I costi standard sono stati introdotti con legge (L.42/2009) con l’obiettivo di passare dal criterio del costo storico a quello del costo standard:

- Il primo indica quanto storicamente si è speso per un determinato servizio per cui quanto veniva trasferito alle varie Regioni sotto forma di trasferimenti dipendeva da quanto una Regione aveva speso nell’anno precedente.

- Il secondo indica il costo di un determinato servizio, che avvenga nelle migliori condizioni di efficienza e appropriatezza, garantendo i livelli essenziali di prestazione.

Secondo quanto sancito dalla norma il costo standard è definito prendendo a riferimento la Regione più “virtuosa”, vale a dire quella Regione che presta i servizi ai costi “più efficienti”. In sostanza, per il finanziamento degli enti territoriali, la determinazione dei costi dovrà essere adeguata a una gestione efficiente ed efficace di Pubblica Amministrazione, tenendo anche conto del rapporto tra il numero dei dipendenti dell’ente territoriale ed il numero dei residenti.

I costi standard rappresentano per le Regioni, cioè per i soggetti che spendono, il nuovo modello economico di riferimento sul quale fondare:

- il finanziamento dell’attività pubblica afferente;

- l’erogazione ai cittadini dei principali diritti sociali (sanità, assistenza sociale e istruzione, nonché trasporto pubblico locale).

Essi saranno introdotti nel sistema finanziario “retributivo” delle prestazioni e dei servizi pubblici essenziali, in relazione ai fabbisogni (altrettanto standard) da soddisfare, individuati per garantirne l’erogazione delle prestazioni e dei servizi in condizioni di efficienza e appropriatezza, su tutto il territorio nazionale.

Sostanzialmente, i costi standard consentono la rideterminazione del fabbisogno standard ideale, necessario per assicurare a tutti i cittadini le prestazioni/servizi essenziali, ovverosia quanto questi dovranno costare nei diversi territori regionali, in favore dei quali andranno, rispettivamente, attribuite le risorse relative.

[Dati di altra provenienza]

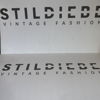STILDIEBEvintageFASHION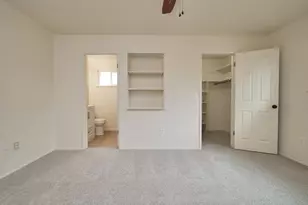 7232 Catboat Cir, Citrus Heights, CA 95621 - Photo 25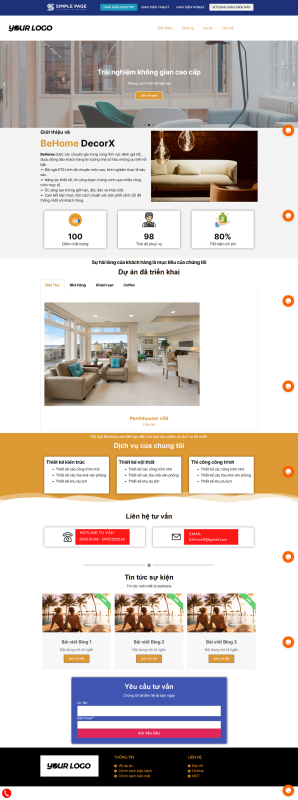 giao-dien-mau-noi-that-3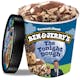 Ben & Jerry's Tonight Dough Ice Cream Pint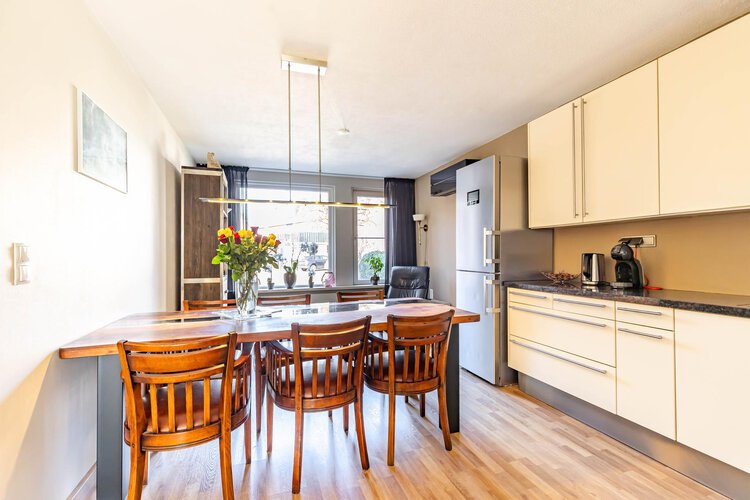 Jaltadaheerd 150 - foto 12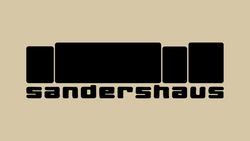 Sandershaus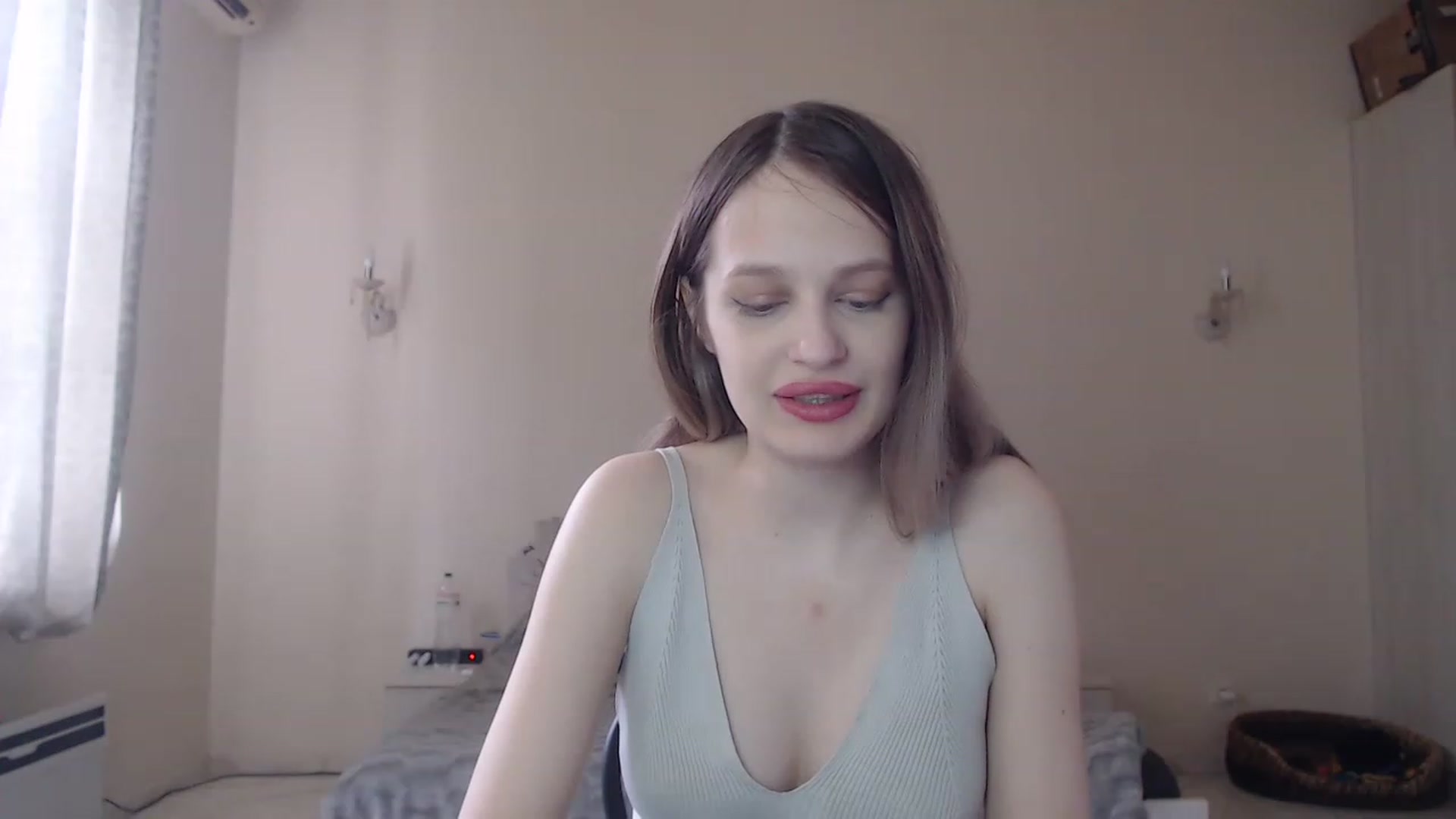 Lola_vi video thumbnail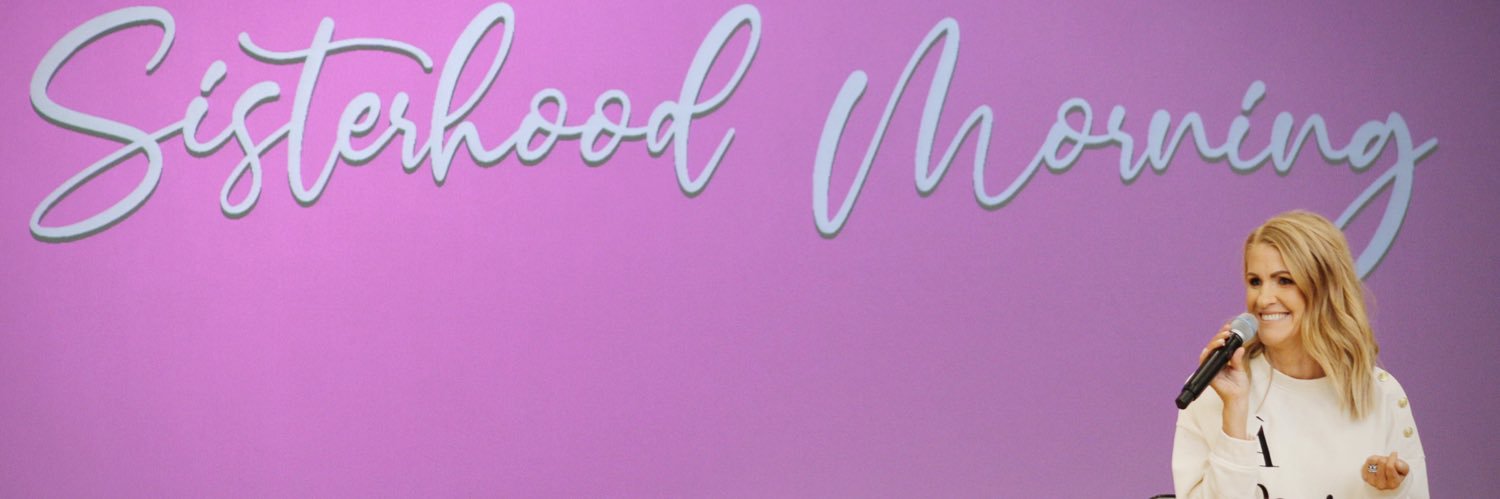 Ruth_Snell's profile banner image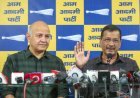 Excise policy case: Delhi HC to initiate contempt action over 'defamatory’ social media posts
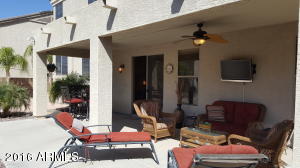 9531 E Lompoc Ave, Mesa, AZ 85209 photo 45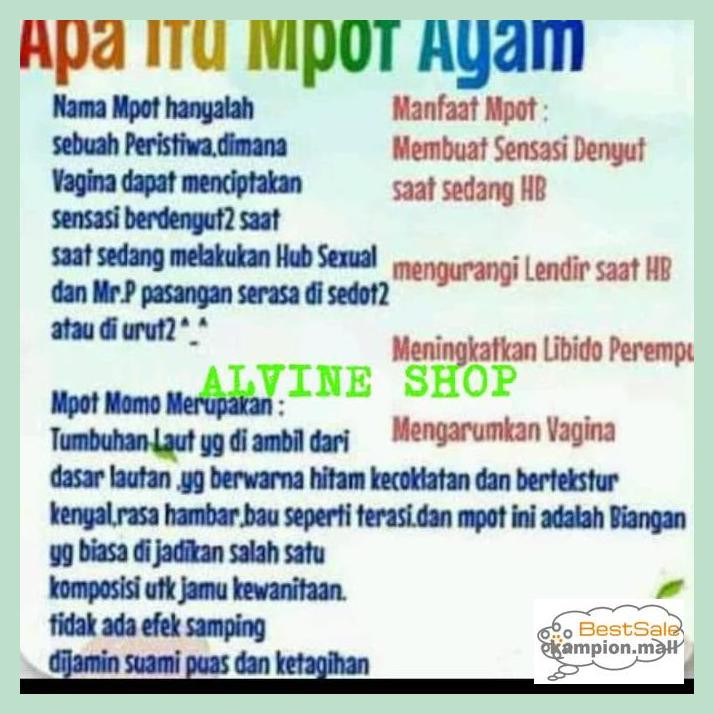 

Gfhfi8Tjty- Mpot Ayam Alami Asli Tanpa Olahan/Empot Ayam Madura Asli Alami 50 Gr Re6Ere6-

Il concetto dei costi standard è legato a due fondamentali scopi:

- ottimizzare e omogeneizzare i valori produttivi e, attraverso essi, contenere i prezzi;

- valutare gli scostamenti dei costi reali e, con essi, lo stato di efficienza del sistema produttivo.

Le autonomie territoriali regionali che spenderanno di più rispetto “ai costi giusti”

riconosciuti in loro favore, dovranno procurarsi le risorse aggiuntive anche attraverso il ricorso all’esercizio del proprio potere di imposizione fiscale.

Una metodologia difficile e pericolosa per la sanità

Il “costo standard’” nasce dalla contabilità industriale e il tentativo in atto è quello di trasferirlo tout court alla sanità. Esso nel settore manifatturiero è un costo definito in base a una costruzione ex ante dell’impegno economico che l’unità produttiva dovrà sostenere per l’esecuzione del ciclo produttivo. Tale costo, infatti, viene calcolato in base a predefiniti livelli di efficienza e di prezzo in relazione a determinate condizioni operative in uno specifico lasso temporale.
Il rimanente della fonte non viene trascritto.